**What to do**
Once you reach the line that holds "Obraz na płótnie" in the listing below, output it and every line after it through the line that holds "И в съботния", word for word.

**Records for this task**
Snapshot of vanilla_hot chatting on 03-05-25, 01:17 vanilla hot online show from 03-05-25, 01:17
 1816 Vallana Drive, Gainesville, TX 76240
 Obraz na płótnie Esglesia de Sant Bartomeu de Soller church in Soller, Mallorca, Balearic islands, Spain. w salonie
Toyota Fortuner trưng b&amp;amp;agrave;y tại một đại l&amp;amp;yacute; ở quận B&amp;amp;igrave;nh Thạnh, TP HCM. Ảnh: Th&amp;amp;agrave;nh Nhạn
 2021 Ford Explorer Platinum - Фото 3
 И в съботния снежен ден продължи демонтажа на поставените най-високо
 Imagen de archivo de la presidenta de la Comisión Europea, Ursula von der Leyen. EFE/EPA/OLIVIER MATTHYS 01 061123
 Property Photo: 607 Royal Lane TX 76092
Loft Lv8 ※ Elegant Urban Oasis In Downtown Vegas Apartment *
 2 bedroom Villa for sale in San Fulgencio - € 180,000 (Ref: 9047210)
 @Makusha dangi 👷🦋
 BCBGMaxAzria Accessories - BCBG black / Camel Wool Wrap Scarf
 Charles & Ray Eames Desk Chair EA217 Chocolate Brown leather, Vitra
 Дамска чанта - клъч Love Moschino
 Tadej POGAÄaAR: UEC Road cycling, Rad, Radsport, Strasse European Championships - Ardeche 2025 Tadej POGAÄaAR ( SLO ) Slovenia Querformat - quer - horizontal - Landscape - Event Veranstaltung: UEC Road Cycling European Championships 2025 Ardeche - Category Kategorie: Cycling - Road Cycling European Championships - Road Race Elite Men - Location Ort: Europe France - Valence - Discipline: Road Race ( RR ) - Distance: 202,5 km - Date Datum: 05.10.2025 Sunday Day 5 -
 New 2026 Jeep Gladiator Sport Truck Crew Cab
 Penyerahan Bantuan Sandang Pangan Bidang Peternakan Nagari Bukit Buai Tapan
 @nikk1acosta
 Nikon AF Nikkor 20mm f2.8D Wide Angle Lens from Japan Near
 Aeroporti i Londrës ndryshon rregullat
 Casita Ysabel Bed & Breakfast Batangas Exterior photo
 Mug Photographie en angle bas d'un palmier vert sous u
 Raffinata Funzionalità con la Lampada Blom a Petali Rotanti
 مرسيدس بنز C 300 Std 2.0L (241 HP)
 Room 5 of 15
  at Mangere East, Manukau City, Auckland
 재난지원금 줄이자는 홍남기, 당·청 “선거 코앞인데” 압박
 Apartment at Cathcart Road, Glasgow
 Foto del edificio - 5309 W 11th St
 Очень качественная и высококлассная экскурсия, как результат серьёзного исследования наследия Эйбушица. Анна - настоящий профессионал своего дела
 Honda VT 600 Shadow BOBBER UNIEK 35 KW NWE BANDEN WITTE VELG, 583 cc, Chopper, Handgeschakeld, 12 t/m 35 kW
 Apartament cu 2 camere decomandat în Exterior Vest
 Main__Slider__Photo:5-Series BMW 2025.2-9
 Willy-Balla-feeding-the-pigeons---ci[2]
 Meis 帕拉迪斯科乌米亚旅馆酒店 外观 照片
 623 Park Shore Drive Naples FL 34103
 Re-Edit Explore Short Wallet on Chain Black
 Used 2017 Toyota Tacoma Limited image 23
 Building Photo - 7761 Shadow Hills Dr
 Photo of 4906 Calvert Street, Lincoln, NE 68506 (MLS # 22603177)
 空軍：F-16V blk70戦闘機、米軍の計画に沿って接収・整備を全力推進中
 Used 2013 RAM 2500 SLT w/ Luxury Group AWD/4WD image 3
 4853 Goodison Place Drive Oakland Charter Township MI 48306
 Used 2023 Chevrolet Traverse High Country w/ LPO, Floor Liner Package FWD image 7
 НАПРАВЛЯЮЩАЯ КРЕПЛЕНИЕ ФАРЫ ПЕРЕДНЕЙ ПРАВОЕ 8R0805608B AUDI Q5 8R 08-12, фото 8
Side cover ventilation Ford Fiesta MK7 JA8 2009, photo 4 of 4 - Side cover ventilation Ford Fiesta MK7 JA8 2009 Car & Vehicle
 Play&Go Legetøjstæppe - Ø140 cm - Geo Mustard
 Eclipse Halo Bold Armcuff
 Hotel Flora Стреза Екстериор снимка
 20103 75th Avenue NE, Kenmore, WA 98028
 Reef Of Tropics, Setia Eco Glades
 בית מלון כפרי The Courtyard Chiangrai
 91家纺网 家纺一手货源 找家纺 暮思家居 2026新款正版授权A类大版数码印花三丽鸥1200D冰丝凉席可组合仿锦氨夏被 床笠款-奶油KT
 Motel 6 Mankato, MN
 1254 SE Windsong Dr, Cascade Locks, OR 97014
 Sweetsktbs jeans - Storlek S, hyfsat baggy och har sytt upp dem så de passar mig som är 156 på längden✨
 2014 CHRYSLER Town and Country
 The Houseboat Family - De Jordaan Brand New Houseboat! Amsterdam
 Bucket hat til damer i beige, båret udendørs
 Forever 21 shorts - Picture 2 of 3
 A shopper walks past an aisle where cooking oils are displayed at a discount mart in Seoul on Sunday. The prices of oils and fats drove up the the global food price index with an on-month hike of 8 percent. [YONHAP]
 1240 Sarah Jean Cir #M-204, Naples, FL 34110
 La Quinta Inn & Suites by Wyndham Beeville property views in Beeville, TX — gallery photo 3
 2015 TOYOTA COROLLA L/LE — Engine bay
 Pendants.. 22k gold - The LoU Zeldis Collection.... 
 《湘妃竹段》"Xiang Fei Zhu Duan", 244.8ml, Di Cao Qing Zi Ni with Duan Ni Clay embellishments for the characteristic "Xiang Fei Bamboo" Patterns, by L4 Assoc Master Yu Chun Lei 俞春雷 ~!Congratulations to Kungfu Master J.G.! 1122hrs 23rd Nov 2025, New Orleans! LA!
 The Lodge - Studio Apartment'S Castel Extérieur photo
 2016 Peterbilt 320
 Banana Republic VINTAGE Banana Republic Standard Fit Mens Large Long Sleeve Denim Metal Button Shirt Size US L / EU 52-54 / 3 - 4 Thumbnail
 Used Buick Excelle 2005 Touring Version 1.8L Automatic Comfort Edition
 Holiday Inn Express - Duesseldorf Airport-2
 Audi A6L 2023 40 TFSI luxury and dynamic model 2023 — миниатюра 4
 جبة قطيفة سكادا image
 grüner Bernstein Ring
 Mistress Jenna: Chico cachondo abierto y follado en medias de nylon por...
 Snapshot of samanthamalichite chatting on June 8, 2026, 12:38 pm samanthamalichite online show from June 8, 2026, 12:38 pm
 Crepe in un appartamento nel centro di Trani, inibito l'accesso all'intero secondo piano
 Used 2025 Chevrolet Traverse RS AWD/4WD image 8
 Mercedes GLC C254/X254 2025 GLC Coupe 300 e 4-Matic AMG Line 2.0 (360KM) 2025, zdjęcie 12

**Written response**
 Obraz na płótnie Esglesia de Sant Bartomeu de Soller church in Soller, Mallorca, Balearic islands, Spain. w salonie
Toyota Fortuner trưng b&amp;amp;agrave;y tại một đại l&amp;amp;yacute; ở quận B&amp;amp;igrave;nh Thạnh, TP HCM. Ảnh: Th&amp;amp;agrave;nh Nhạn
 2021 Ford Explorer Platinum - Фото 3
 И в съботния снежен ден продължи демонтажа на поставените най-високо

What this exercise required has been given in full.